Replacing $I$ with S.P.D. $B$ in ridge regression, is the norm still bounded by OLS?

125 Views Asked by At

Assuming invertible $(\mathbf{A}^{\top}\mathbf{A})$, $\mathbf{A}\in\mathbb{R}^{n\times m}$ and $\gamma\geq1$, the norm of the ridge regression solution $\mathbf{x}_{\gamma} = (\mathbf{A}^{\top}\mathbf{A} + \gamma\mathbf{I})^{-1}\mathbf{A}^{\top}\mathbf{y}$ can be shown to be upper bounded by the norm of the OLS solution $\mathbf{x}_0 = (\mathbf{A}^{\top}\mathbf{A})^{-1}\mathbf{A}^{\top}\mathbf{y}$, as shown here $$ \|\mathbf{x}_{\gamma}\| \leq \|\mathbf{x}_0 \|\;. $$

I was wondering if a similar bound can be shown for the norm of $$ \mathbf{x'}_{\gamma} = (\mathbf{A}^{\top}\mathbf{A} + \gamma\mathbf{B})^{-1}\mathbf{A}^{\top}\mathbf{y}\;, $$ for some symmetric, positive semi-definite (or positive definite) $\mathbf{B}$. Since $\mathbf{x'}_{\gamma}$ is a more general form of $\mathbf{x}_{\gamma}$, it seems intuitive to me that this should be possible. But for a similar problem that I posted a few days ago no such upper bound could be shown.

I'll post a supporting simulation experiment later today!

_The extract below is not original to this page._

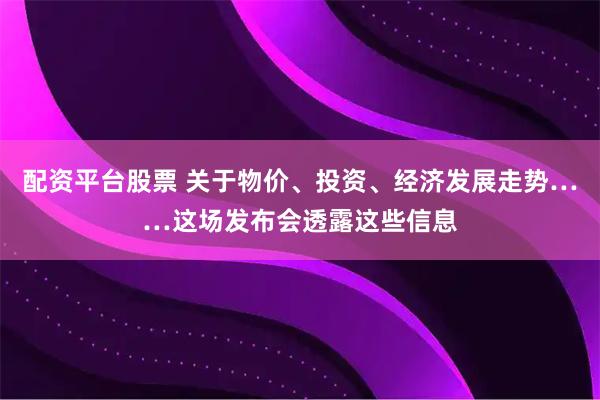 配资平台股票 关于物价、投资、经济发展走势……这场发布会透露这些信息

Edit: Alternatively, showing the following would also be sufficient for my purposes $$ \|\mathbf{x}''_{\gamma}\| \leq \|\mathbf{x}''_{0} \|\;,\;\;\;\;\mathbf{x}''_{\gamma} = (\mathbf{A}^{\top}\mathbf{A} + \gamma\mathbf{K}^{\top}\mathbf{K})^{-1}\mathbf{A}^{\top}\mathbf{y}\;, $$ where the rows of $\mathbf{K}\in\mathbb{R}^{k\times m}$ are orthonormal, and $k\leq m$.

2

There are 2 best solutions below

2
On

I will consider only the case where $B$ is invertible. We have $$ (A^TA + \gamma B)^{-1} A^Ty = \\ B^{-1/2}([AB^{-1/2}]^T[AB^{-1/2}] + \gamma I)^{-1} [AB^{-1/2}]^T y = \\ B^{-1/2}(M^TM + \gamma I)^{-1}M^Ty, \quad M = AB^{-1/2}. $$ Applying your initial result tells us that $$ \|(M^TM + \gamma I)^{-1}M^Ty\| \leq \|(M^TM)^{-1}M^Ty\| \implies\\ \|B^{1/2}x_\gamma'\| \leq \|(M^TM)M^Ty\|. $$ Note that $z = (M^TM)^{-1}M^Ty$ is the minimizing vector $z$ of the minimization $\min_z \|AB^{-1/2}z - y\|$, which means that $x_0 = B^{-1/2}z$ is the minimizing solution to $\min_{x} \|Ax - y\|$. So, $z = B^{1/2}x_0$ and we have $$ \|B^{1/2} x_\gamma'\| \leq \|B^{1/2}x_0\|. $$

Note that the norm $\|\cdot\|_B$ defined by $\|x\|_B = \sqrt{x^TBx}$ defines a norm for which $\|x\|_B = \|B^{1/2}x\|$. With that, the above becomes $$ \|x_\gamma'\|_B \leq \|x_0\|_B. $$ Now, by the Rayleigh-Ritz theorem, we have $$ c_1^{-2}:= \lambda_{\min}(B) \leq \frac{\|x\|_B^2}{\|x\|^2} = \frac{x^TBx}{x^Tx} \leq \lambda_{\max}(B) =: c_2 \implies\\ c_1^{-2}\|x\|^2 \leq \|x\|_B^2 \leq c_2^2 \|x\|^2. $$ Note that setting $c_1$ such that $c_1^{-2} = \lambda_{\min}(B)$ only makes sense if the smallest eigenvalue of $B$ is non-zero, which is to say that $B$ is an invertible positive definite matrix.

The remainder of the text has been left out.